Christianity and Critical Race Theory (3)

Are the people from which CT* in general and CRT** in particular originated credibly Christian?

*CT = Critical Theory
**CRT = Critical Race Theory

The Facts: Critical Theory

Let’s begin by excerpting the top-level summary from the Britannica site:

Critical theory, Marxist-inspired movement in social and political philosophy originally associated with the work of the Frankfurt School. Drawing particularly on the thought of Karl Marx and Sigmund Freud, critical theorists maintain that a primary goal of philosophy is to understand and to help overcome the social structures through which people are dominated and oppressed. Believing that science, like other forms of knowledge, has been used as an instrument of oppression, they caution against a blind faith in scientific progress, arguing that scientific knowledge must not be pursued as an end in itself without reference to the goal of human emancipation. Since the 1970s, critical theory has been immensely influential in the study of history, law, literature, and the social sciences.

Let’s pause to focus on the first word to be associated with Critical Theory: Marxist.  Marxism is an atheistic, materialist ideology that has delivered over 100 million corpses and billions of ruined lives in its bloody pursuit of utopia.  In a sane world my work would be done now.  But, it is not, so on I go.

I have focused on two people: Max Horkheimer and Herbert Marcuse to represent Critical Theory because they are cited early in the Stanford Encyclopedia of Philosophy as founders of CT.

Max-Horkheimer

Max Horkheimer

Max Horkheimer

A good summary of Horkheimer’s views on religion can be found in this paper (emphasis added).

As such, this study is a content analysis of the critical theory of religion of Max Horkheimer, the Director of the so-called Frankfurt School, which was developed throughout almost all of his writings and later interviews from 1926 to 1973, the year of his death. According to Horkheimer, religion is the expression of human anguish and suffering that contains an implicit if not explicit indictment of the existing antagonistic social totality. Religion thereby also gives expression to the human longing for that which is beyond the existing socio-historical totality. Rather than projecting this cry of agony and hope of a better future society or life into the abstract form of a God, Horkheimer materialistically redirects such religious expression back to the economic mode of social production and the social structures from which such suffering comes.
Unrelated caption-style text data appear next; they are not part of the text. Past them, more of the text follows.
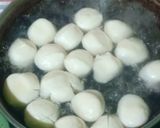 Foto langkah ke 1 dari resep Sup Bakso Ikan.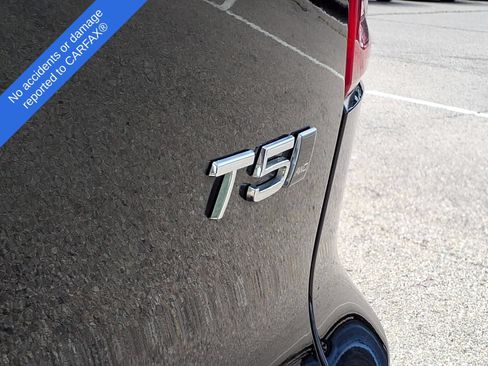 Used 2022 Volvo XC40 T5 Momentum AWD/4WD image 11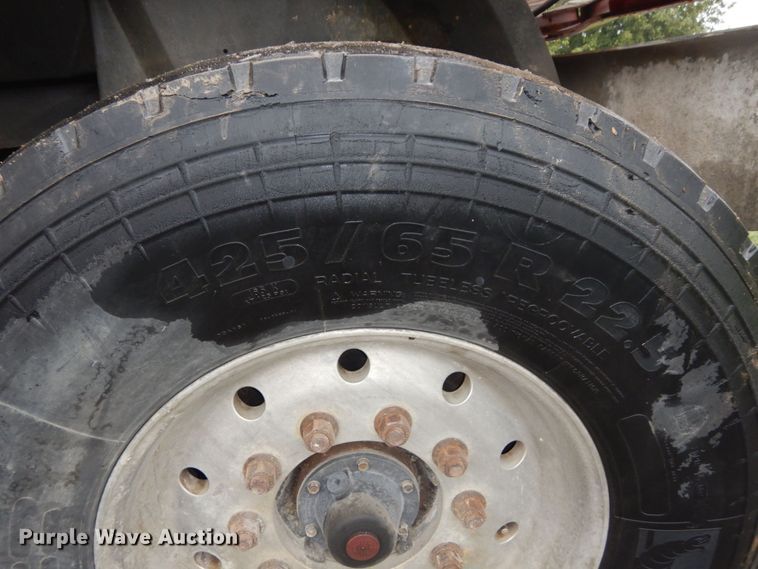 image for item DS1344 2004 International 5500i  ready mix truck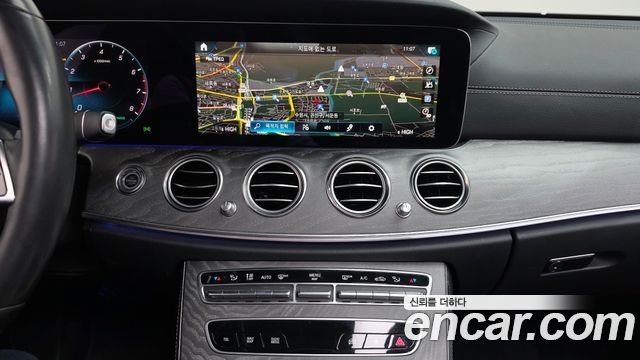 Mercedes-Benz E-Class 2023 — photo 18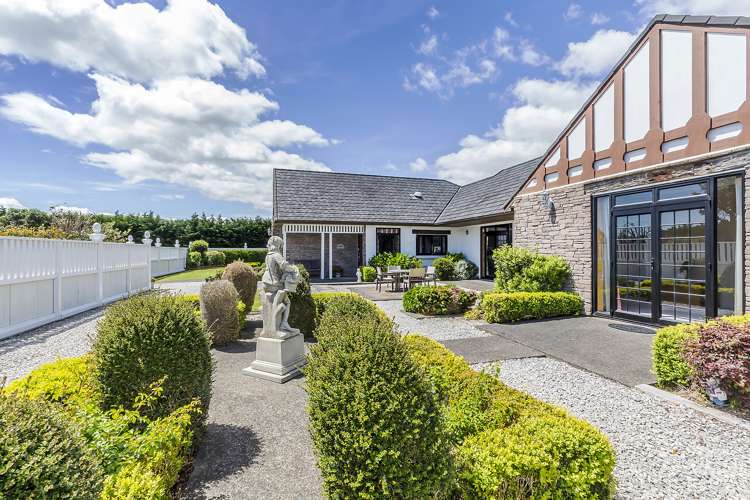 31 Gladys Scott Place Tawa_24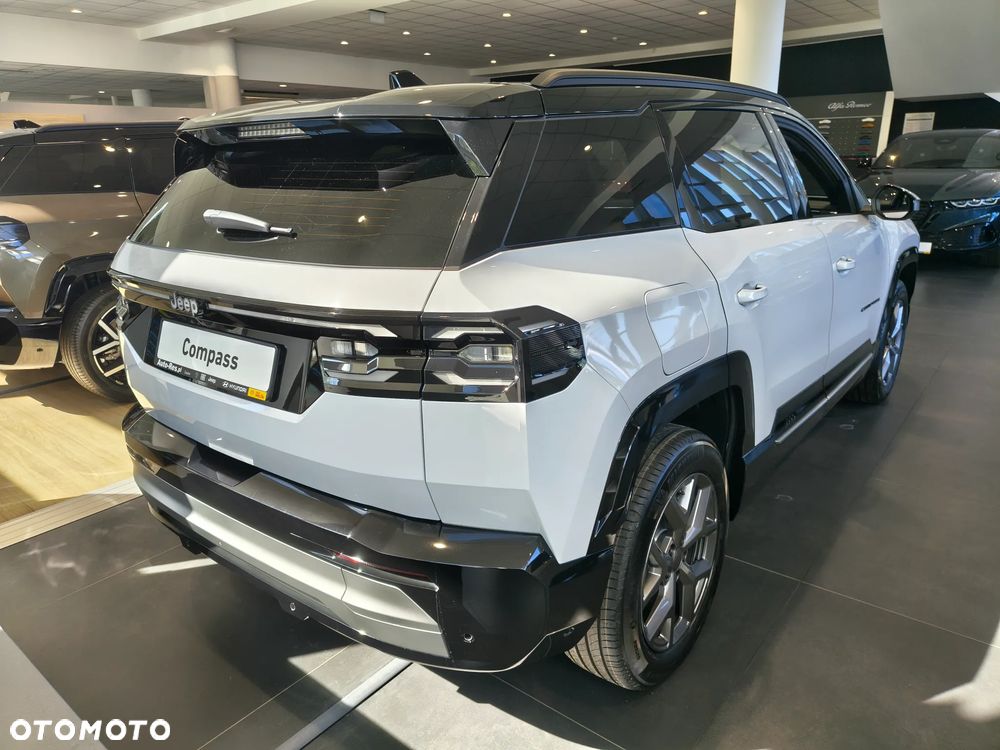 Jeep Compass 1.2 T3 mHEV First Edition FWD DCT - 8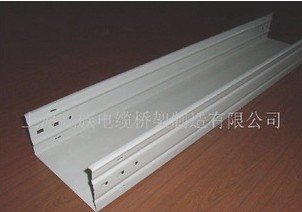 鋁合金槽式橋架厚度標準取決于什么？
Religion as the expression of human misery thereby becomes a practical historical force of resistance against all forms of social exploitation and domination in the hope of creating a better, more reconciled future society.

It is the conclusion of this study that Horkheimer’s dialectical, materialistic critical theory of religion can help reconcile the modem antagonistic dualism between the secular and the religious dimensions of human consciousness and action through the dialectical negation of religious longing for the totally Other into a critical social theory and praxis that seeks a more free, just, rational, and happy future society.

Note that while Horkheimer acknowledged the power inherent in religion, his intention was to redirect and utilize that power to advance the atheistic materialism of his Marxist ideology.

Herbert-Marcuse-1968

Herbert Marcuse

Herbert Marcuse

First note that this is not the first time that I have discussed Herbert Marcuse, as he is the originator of “Repressive Tolerance.”  Note that Marcuse considered Christianity to be a fundamental source of oppression that had to be destroyed to enable the revolution.

And, if necessary, education and indoctrination must be supplemented by revolutionary violence. Marcuse is quite clear about this. He refuses to posit a moral equivalence between the violence perpetrated by classical liberals and the violence committed by subversives. The former is evil; the latter is justified. In fact, he argues that since history is not made by ethics, ethics are of no importance. In other words, might makes right. The ends justify the means. He writes that oppressed minorities — and this means people who lack wealth or prestige or acceptance — have the right to extralegal violence if they exhaust all legal means. No one has a right to judge them immoral or unethical. (Think: Black Lives Matter and the call to kill cops.) Marcuse offered a program for annihilating Christian culture and classical liberalism and replacing it with Libertarian Marxism. He had takers.

Those takers became college professors and journalists and foundation presidents and “community organizers” and artists and musicians. They have wielded massive influence on the West from 1960-2016. Their vision is the commanding social vision of our time, working out its implications right before our eyes.

We should not be surprised that an atheist Marxist materialist would seek to annihilate Christian culture.  However, you may be surprised to learn that far beyond the “college professors and journalists and foundation presidents and “community organizers” and artists and musicians” many pastors who call themselves “Christian” support this same godless revolution from within the church.